Francisco Pizarro’s Forgotten Army?

Who really conquered the Inca Empire?  I found myself mulling over that question for the first time today, after reading a really fascinating new paper published online in the American Journal of Physical Anthropology by a team of American and Peruvian scientists.  Led by Melissa Murphy,  a physical anthropologist at the University of Wyoming in Laramie,  the team has just pored over the skeletal remains of 258 Inca men and women,  who perished from extreme violence sometime between 1470 and 1540.

First,  let me very briefly summarize the conventional view of the Conquest of Peru.  According to the Spanish chronicles (the only surviving written source of the invasion),  Francisco Pizarro set sail from Panama in January 1531 with 3 ships and  180 men.   Landing near the port of Tumbes in the midst of a civil war in the Inca realm known as Tawantinsuyu,   Pizarro and his men journeyed inland.   At the Inca provincial town of Cajamarca, they laid an ambush and captured  the Inca king Atawallpa,  whom they subsequently executed.   In November 1533,  Pizarro’s force occupied the Inca capital of Cuzco, bringing the empire to its knees.

I personally don’t recall hearing or reading much about  indigenous Andean peoples fighting on the side of the  Spanish invaders.  But as the new paper by Murphy and her team points out,  aboriginal people  certainly seem to have played a part in the Conquest of  Peru,  and perhaps quite a large part.

Murphy and her colleagues examined human remains excavated from two large Inca  cemeteries in the archaeological zone of Puruchuco-Huaquerones,  7 miles from the center of Lima.  Many of these individuals likely died during the ill-fated siege of Lima,  when Inca forces tried to expel the Spaniards in 1536.  As expected, Murphy and her colleagues found ample evidence of severe injuries caused by medieval European weaponry–the top spike of a polearm, the beak of a war hammer,  and possible gunshot wounds.   (Intriguingly,  evidence of slashing injuries from swords is missing from these victims.)

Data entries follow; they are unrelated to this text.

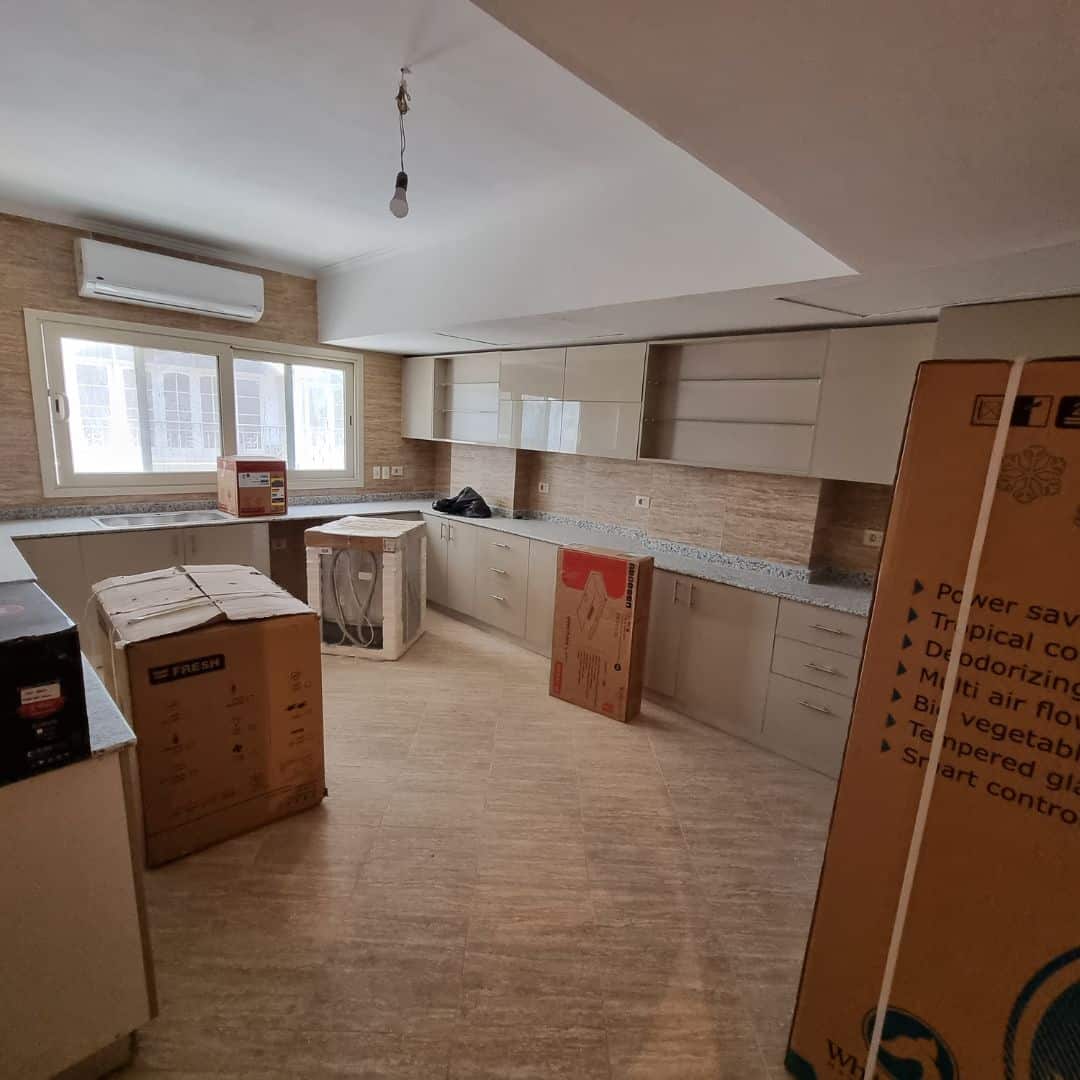 Modern apartment kitchen in Maadi Cairo with new cabinetry and large window for natural light.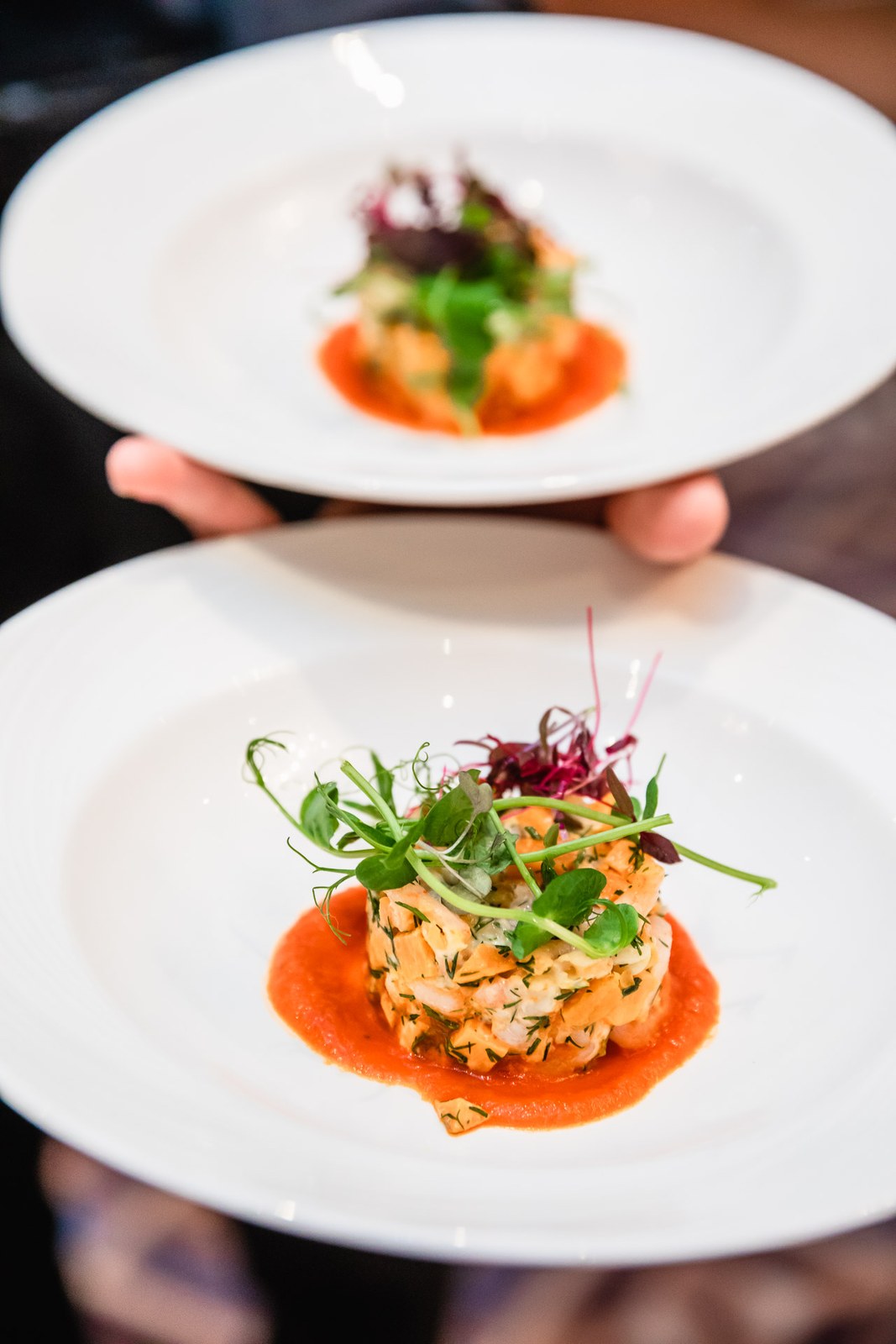 Waiter presenting two plated starters at the wedding breakfast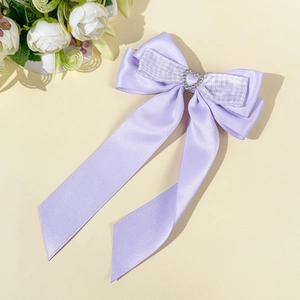 Détail du nœud à cheveux en satin violet avec strass cœur et longs rubans en soie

But what I found especially intriguing in this study was the evidence that team-members found for wounds inflicted by  indigenous weapons,  such as clubs and maces.  Indeed,  as the authors note,  “the majority of perimortem injuries to the cranium were likely due to blunt force trauma, probably from native weaponry like maces or clubs,  with only a few of the injuries caused by Spanish weapons.”

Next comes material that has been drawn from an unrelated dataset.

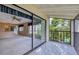 View of the living room through sliding glass doors leading to a tiled balcony with a view of the pool at 700 Starkey Rd # 1145, Largo, FL 33771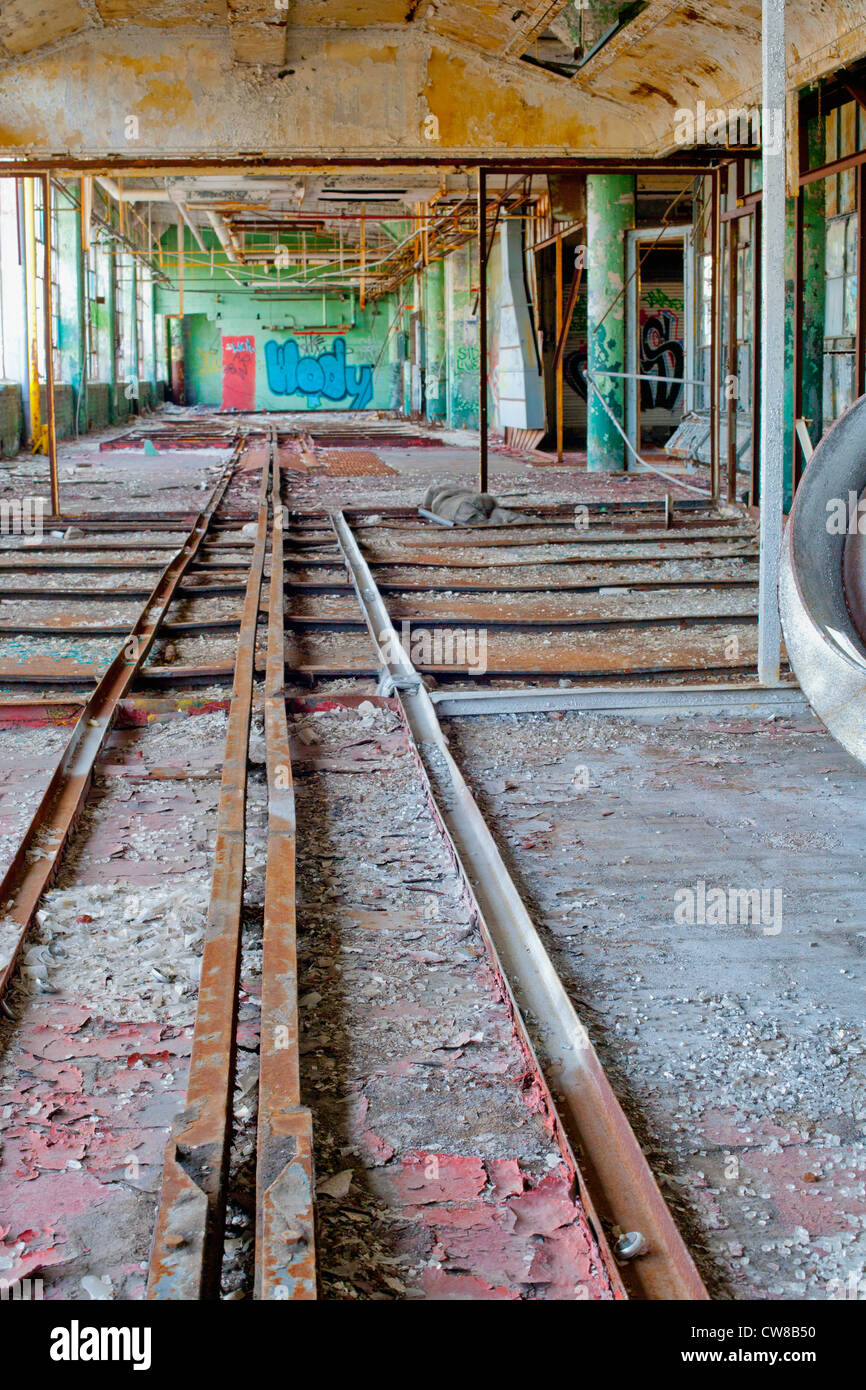 Interior of an abandoned car factory in Detroit Michigan.These are the old tracks for the assembly line. Stock Photo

Now of course,  Spanish soldiers might well have picked up native weapons and used them expediently.  But some Spanish chroniclers do refer on occasion to indigenous allies and I wouldn’t be at all surprised to learn that they were under-representing the numbers in order to make themselves look especially courageous to readers back home.

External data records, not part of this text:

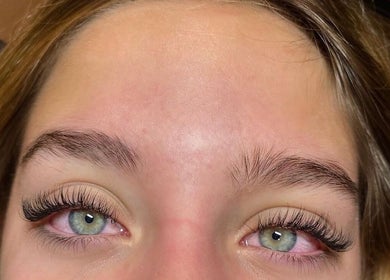 Close-up of full eyelashes done at Beauty Lounge, London, Ontario, CA, showcasing expert styling.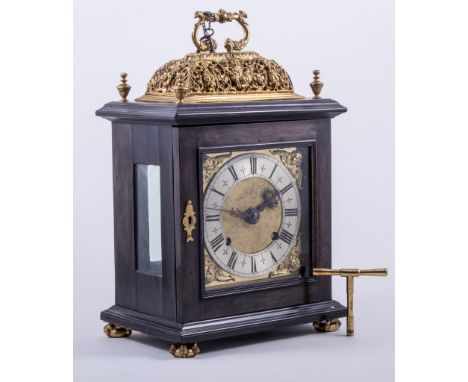 A Charles II style ebony and ebonised bracket clock, gilt metal 'casing' and  'basket' top, with seraphim swags and foliage, 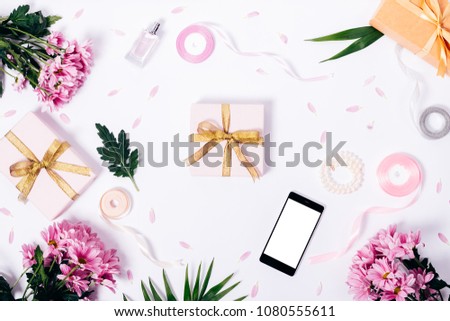 Festive composition of purple flowers, gift boxes with golden ribbons, mobile phone with blank screen and green leaves on a white table top view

Moreover,  we know that the Incas had made a host of enemies during their own conquests, particularly on the northern coast of Peru.   And these dissidents might have seen Pizarro and his men initially as liberators,  before they truly understood the rapacity  of the Spanish forces.   Certainly, this is what happened in Mexico, when aboriginal people rallied to the banner of  Hernando Cortez,  eager to rise up against their oppressors, the Aztecs.

This new research by Murphy and her colleagues is the first forensic-style study of the Inca victims who fell during the Conquest of Peru.  I really look forward to reading more.

2 Comments

  1. Elaine

    Hi Heather, just read your article, parden my ignorance, but I thought the Incas were the indigenous people , where did they originate from?

  2. Hi Elaine:

    Good to hear from you! Yes, the Incas were indeed indigenous people. Their homeland lay in the Cuzco Valley in what’s now Peru. But Inca armies conquered and otherwise subjugated a very wide range of other indigenous chiefdoms from southern Colombia to northern Argentina and Chile. These other ethnic groups spoke different languages, worshiped different gods, had different customs and traditions, possessed their own leadership, etc. And some did not take at all kindly to their new Inca lords, who imposed new taxes, etc. So the Incas made a lot of enemies.

    When the Spanish arrived, some of these dissidents fought on the Spanish side — a case of my enemy’s enemy is my friend. But when the dust settled, and the Inca empire collapsed, the new Spanish rulers proved to be far harsher and crueler than the Incas ever were.